Undoubtedly, the story of the week was the Supreme Court's upholding the National Curriculum for Secondary Education, thereby rubbishing all those shrieks on "saffronisation" of education. Which now gives me the opportunity to emit a resounding BRRRRRACKK at the holy trinity of Roy, Verghese and Tyabji and all those they represent, especially my "secularist" readers. Oooh... victory feels goooood.
However, before I go any further, I need to rustle up some humility and apologise to Murli Manohar Joshi for my hard article of October 1998 -- which I had totally forgotten, and which my editors kindly linked to the news report (obviously, there's a Joshi devotee lurking at the edit desk). If Dr Joshi had stayed put as I'd wanted him to, and hadn't dared to single-handedly take on the pinkos, there would have been no case, no ruling, no vindication of his policy of curricular restructuring, and no triumph. There's a lesson to learn from this: If you really believe in something, don't let anybody stop you from working on it. So ok, I'm very sorry for all the harsh words, Dr Joshi, and you're "persona grata" again. See how meek I really am?!

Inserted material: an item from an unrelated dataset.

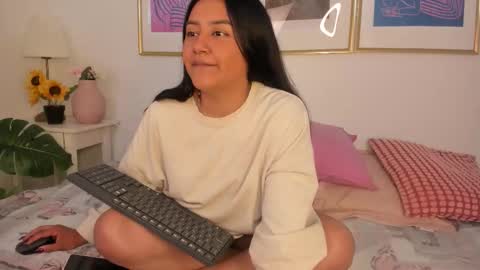 Snapshot of valka_collins chatting on 02.24.26 Valka online show from 02.24.26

Savour the triumph till it lasts, guys -- for it won't last long. If you think the wretched "secularists" will graciously accept defeat, think again. The newspaper that's increasingly beginning to read like the Left Front's mouthpiece has already issued a clarion call in its editorial for a "political and intellectual debate that must remain alive outside the court, despite Thursday's judgement." Yes, barely two days after the verdict, The Indian Express found it imperative to warn us about the "ministerial diktat" and the "real danger" in the "operationalising" of the curriculum, and the "bad faith" demonstrated by the HRD ministry. And why wouldn't it, after being primed by the "secularists" the day before?
I just can't get over the brazenness of this lot! The Congress' Eduardo Faliero said, "We have to keep in mind that the judgment is divided on some visible lines, it is not a unanimous judgement." And the CPI-M proposed that the "majority judgment be reviewed by the full bench of the Supreme Court"! No wonder Britain's leftist daily, The Guardian, had the nerve to caption the news with, "Indian court accused of Hindu bias."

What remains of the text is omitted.